Berlin: 120. Prozesstag | Schmuddelkinder in roten Roben und gemeine Kollegen
120. Prozesstag: Schmuddelkinder in roten Roben und gemeine Kollegen
Da muss der Vorsitzenden Richterin eine dicke Laus über die Leber gelaufen sein. Wie sonst ist ihr Ausfall zu Beginn der heutigen Hauptverhandlung zu erklären, als sie eine Verteidigerin anfuhr, sie habe mit ihrem letzten Beweisantrag den "falschen Eindruck erweckt", dass ihr Akten vorenthalten würden, obwohl sie diese Akten seit einem Jahr in ihrem Büro liegen habe. Dass dort lediglich unvollständige Ermittlungsakten liegen, der Antrag aber die auf die Übermittlung der vollständigen Akte abziele, insofern der Vorwurf direkt auf den Senat selbst zurückfalle, konterte die so Gescholtene gelassen. Der falsche Vorwurf, der allemal einen Befangenheitsantrag wert gewesen wäre, wurde also gelassen zurückgewiesen. Damit war das Thema aber nicht von Tisch. In weiteren Beweisanträgen, aber auch in einer Stellungnahme der Schmuddelkinder in roter Robe ging es immer wieder um die Zurückhaltung von Aktenbestandteilen und Ermittlungsergebnissen. Fündig wird die Verteidigung dabei immer wieder in den unlängst übersandten geschwärzten VS-Akten, die zahlreiche Hinweise auf Ermittlungen beinhalten, die dem Senat und der Verteidigung bislang vorenthalten wurden.
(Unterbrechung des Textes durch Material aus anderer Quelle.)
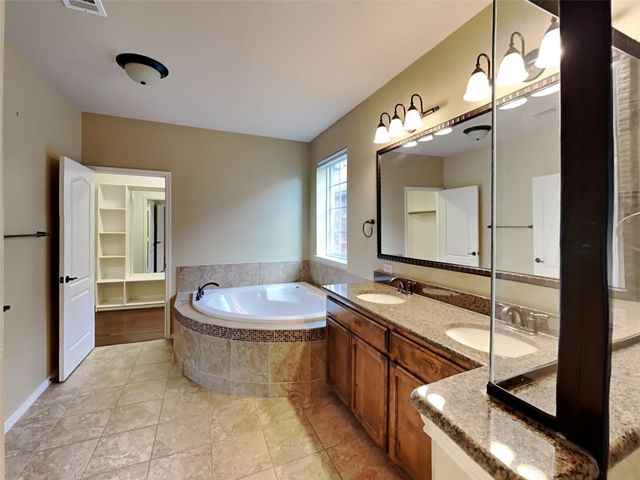 226 Knapford, Euless, TX 76040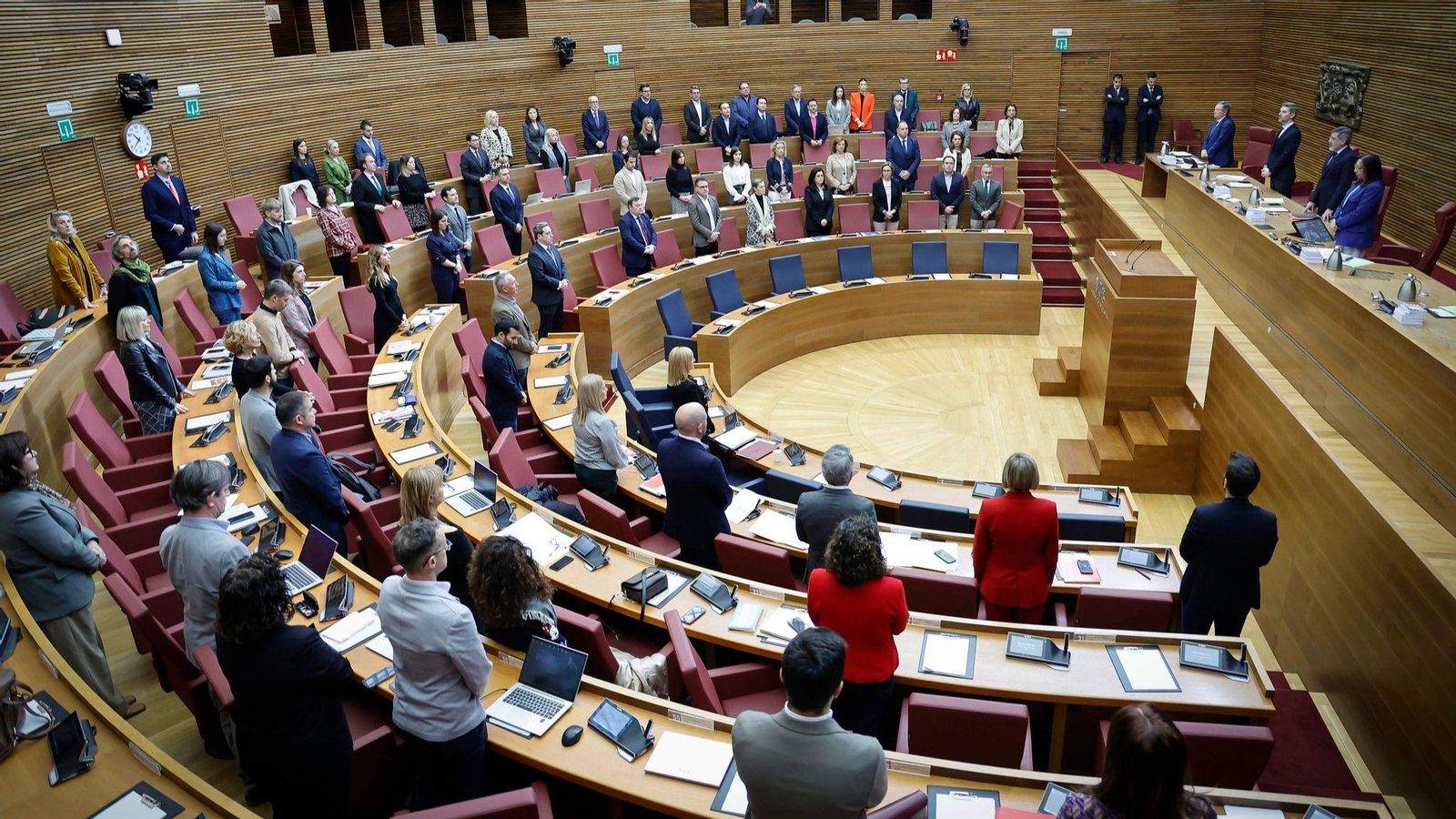 Minut de silenci a les Corts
Diese VS-Akten dürften auch der Anlass gewesen sein, warum die Vorsitzende Richterin so ungehalten war. Hatten doch deren Kollegen vom Verwaltungsgericht Berlin mit einem Beschluss, der am Mittwoch bekannt geworden war, den Senat gehörig in Bredouille gebracht. Harald G. hatte vor dem Verwaltungsgericht auf die ungeschwärzter Herausgabe dieser VS-Akten geklagt. In ihrem Beschluss stellen die Verwaltungsrichter nun fest, dass diese Klage Aussicht auf Erfolg habe. Das Verwaltungsgericht lehnte es zwar ab, im Eilverfahren das Innenministerium zur Herausgabe der ungeschwärzten Vernehmungsprotokolle zu verpflichten. Vielmehr sei für eine Entscheidung in der Sache das Hauptsacheverfahren abzuwarten, so die Richter. Dabei habe Harald G. jedoch "Anspruch auf Aussetzung der Hauptverhandlung vor dem Strafgericht". Nun dauert so ein Verwaltungsgerichtsverfahren Jahre, das Strafverfahren kann aber längstens für 30 Tage unterbrochen werden. Wird das Verfahren ausgesetzt, ist der Prozess also geplatzt. Was tun? Rechtsanwältin Studzinsky forderte jedenfalls das Kammergericht auf, von sich aus das Verfahren auszusetzen. Und kündigte vorsorglich bereits jetzt an, am nächsten Verhandlungstag entsprechende Aussetzungsanträge zu stellen, falls der Senat bis dahin nicht gehandelt habe.
Wie sich der Senat entscheidet, kann frühestens am nächsten Freitag, 28.3., erfahren werden. Der Verhandlungstag am 27.3. wurde nämlich schon wieder aufgehoben.